Errata sarebbe anche l’asserita violazione dei principi costituzionali ed eurounitari.
Il principio – afferma la Suprema Corte – non è discutibile sotto alcun profilo, dal momento che le norme di rito sono ontologicamente strumentali, e disciplinano appunto lo strumento processuale che è garantito dall’ordinamento per la tutela effettiva del diritto sostanziale. Ma proprio per garantire quest’ultima il processo non può non essere regolato, per evitare che ne sia fatto abuso e che quindi la complessiva macchina giudiziaria sia inceppata e rallentata (…). L’applicazione corretta di norme di rito, a ben guardare, se queste sono rispettose dei principi del giusto processo, costituisce il più efficiente strumento di tutela delle norme sostanziali.
Corrispondente, allora, al principio del giusto processo (di cui al comma 1 dell’art. 111 Cost e all’art. 6 CEDU) è il contraddittorio tra le parti in condizioni di parità davanti ad un giudice terzo ed imparziale.
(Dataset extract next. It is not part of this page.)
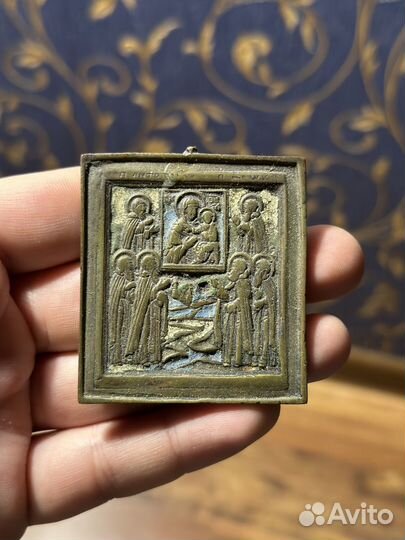 Поклонение Иконе Божией Матери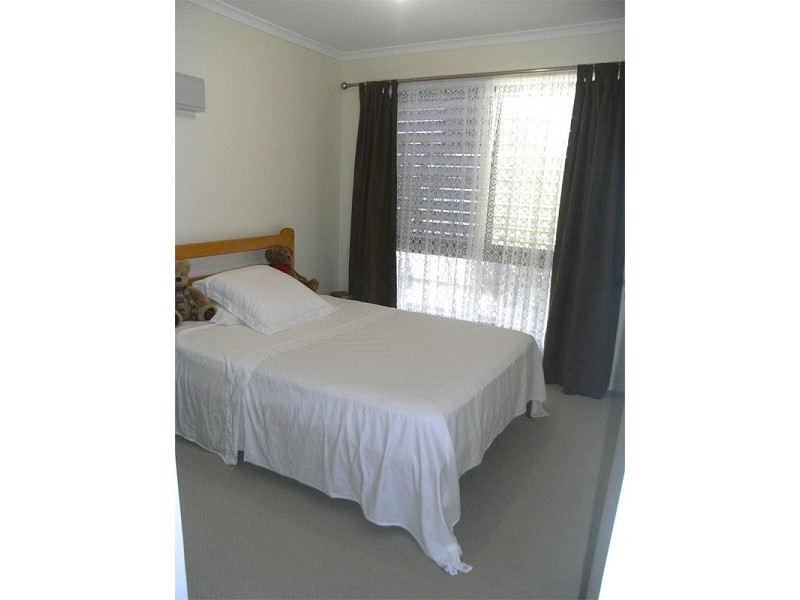 1/34 Queen Street, Scarborough QLD 4020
Ma la legge deve anche garantire “la ragionevole durata” di tale esercizio del contraddittorio tra le parti e della conseguente attività giurisdizionale.
La ragionevole durata del processo nel processo civile
Se una parte, allora, pur avendo dato impulso mediante la proposizione di un’impugnazione ed essersi costituita, per due volte di seguito non compare davanti al giudice, è ragionevole ritenere che l’impulso sia venuto meno, poiché altrimenti si conferirebbe all’appellante la facoltà di rallentare lo svolgimento del processo dopo che questo già per due udienze lo ha “atteso” per lo sviluppo del contraddittorio e la susseguente decisione giurisdizionale: e quindi un siffatto rallentamento supererebbe sine dubio i confini della ragionevole durata del processo.
Ed infatti, l’unica eccezione limite individuabile nell’applicazione di questo canone temporale racchiuso nell’art. 348 c.p.c., comma 2, sarebbe l’esistenza di una sopravvenuta oggettiva impossibilità dell’appellante di comparire in quelle due udienze, ovvero la “causa non imputabile” cui fa riferimento, per i termini perentori, l’art. 153 c.p.c..
Ma di una simile impossibilità oggettiva, il ricorso non faceva alcun cenno.
Per tali ragioni il ricorso è stato rigettato con conseguente condanna del ricorrente alla rifusione delle spese di giudizio.